In summary, a first direct comparison in aza-Henry addition reactions between the C-CF₃ and C-CH₃ substituted N-protected aldimines was reported. The different inductive effect of the two groups greatly influence the reaction outcome acting both on the electrophilicity of the imino carbon and on the nitrogen lone pair availability.

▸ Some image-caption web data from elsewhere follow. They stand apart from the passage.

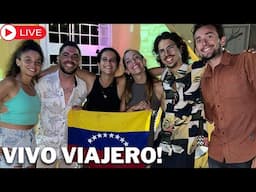 VIVO: Despedimos el año 6 VIAJEROS desde Venezuela 🇻🇪 @lanetaenviaje y @almasverticales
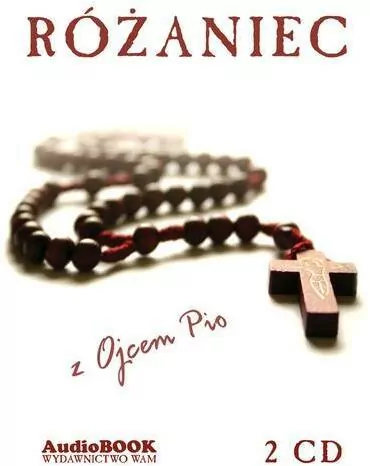 Różaniec z Ojcem Pio. CD. Audiobook - tantis.pl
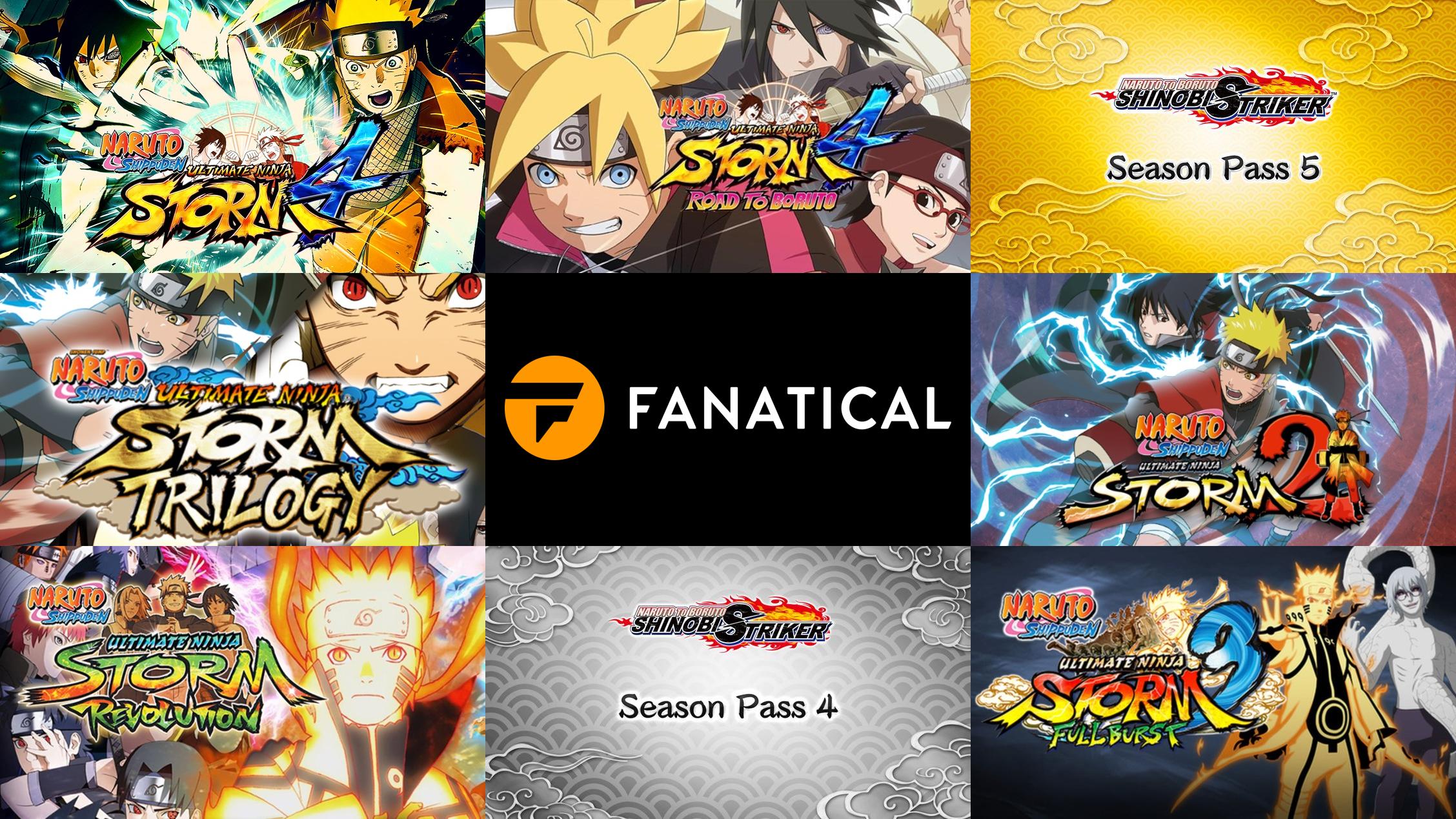 Naruto Shippuden | Ключи для ПК и Steam | Fanatical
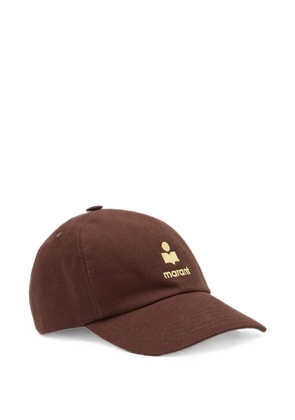 ISABEL MARANT Tomas cap - Brown
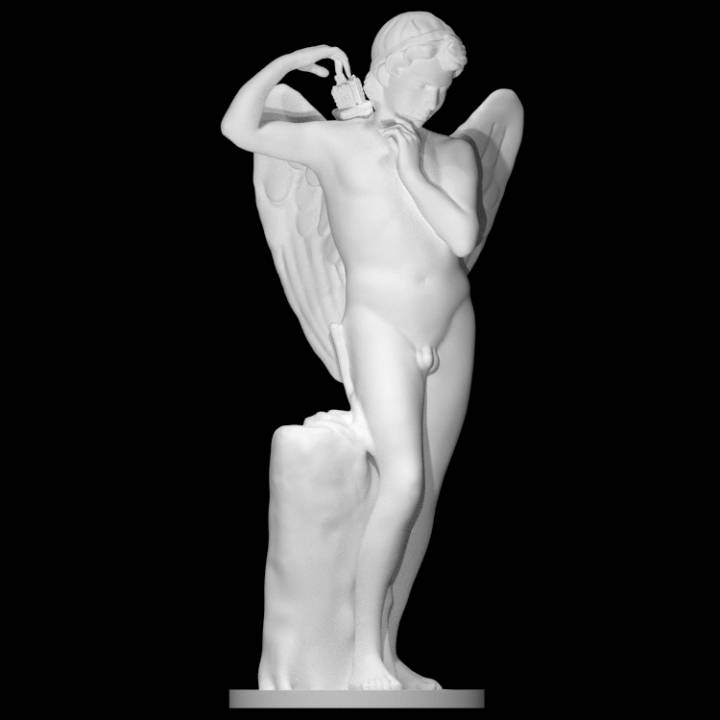 Cupid with an Arrow image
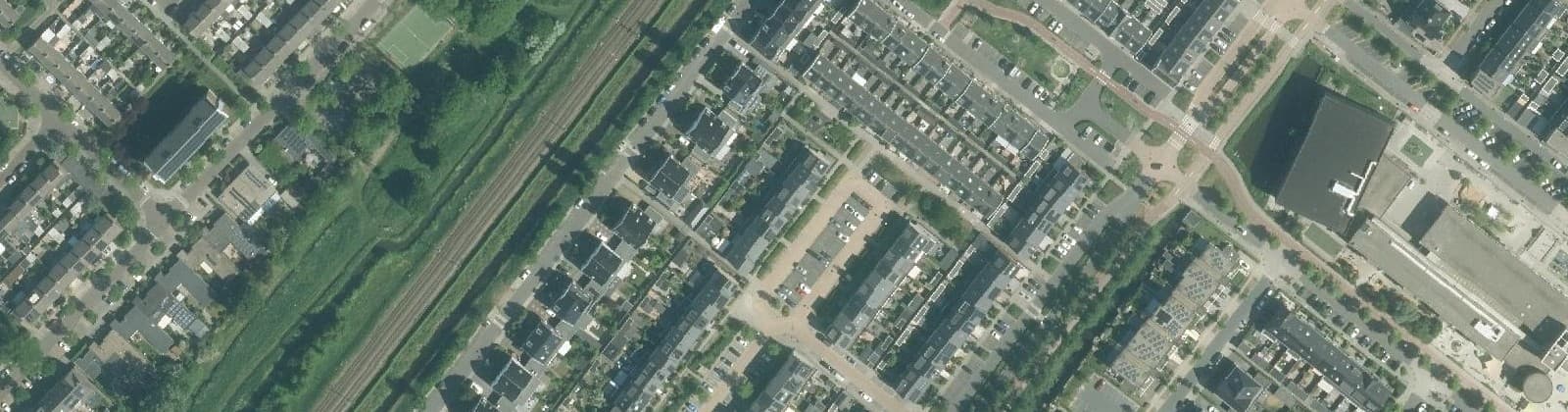 Luchtfoto van De Ladder Noord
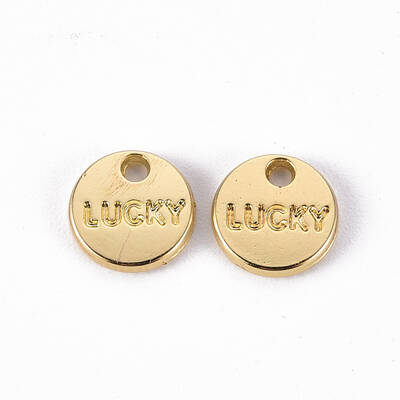 Rack Plating Alloy Charms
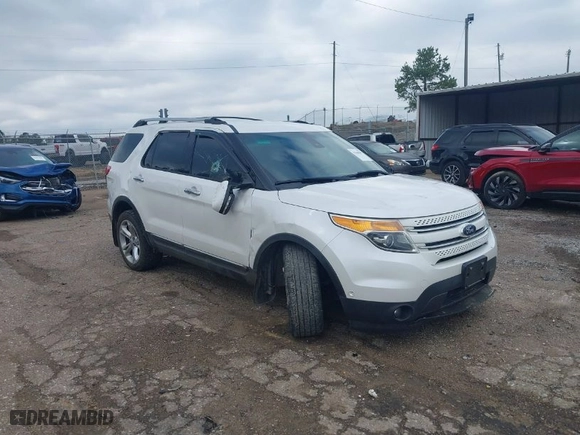 2014 Ford Explorer Limited with VIN 1FM5K8F84EGB74076, listed as a IAAI auction lot 41560599 with 186,258 mi miles. Bid and sale history available at carsss.com. Image 1.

The presence of a strong steric hindrance on the imine carbon due to the tert-butyl group unexpectedly required the reaction conditions already fixed for trifluoromethyl aldimines, although for different reactivity reasons.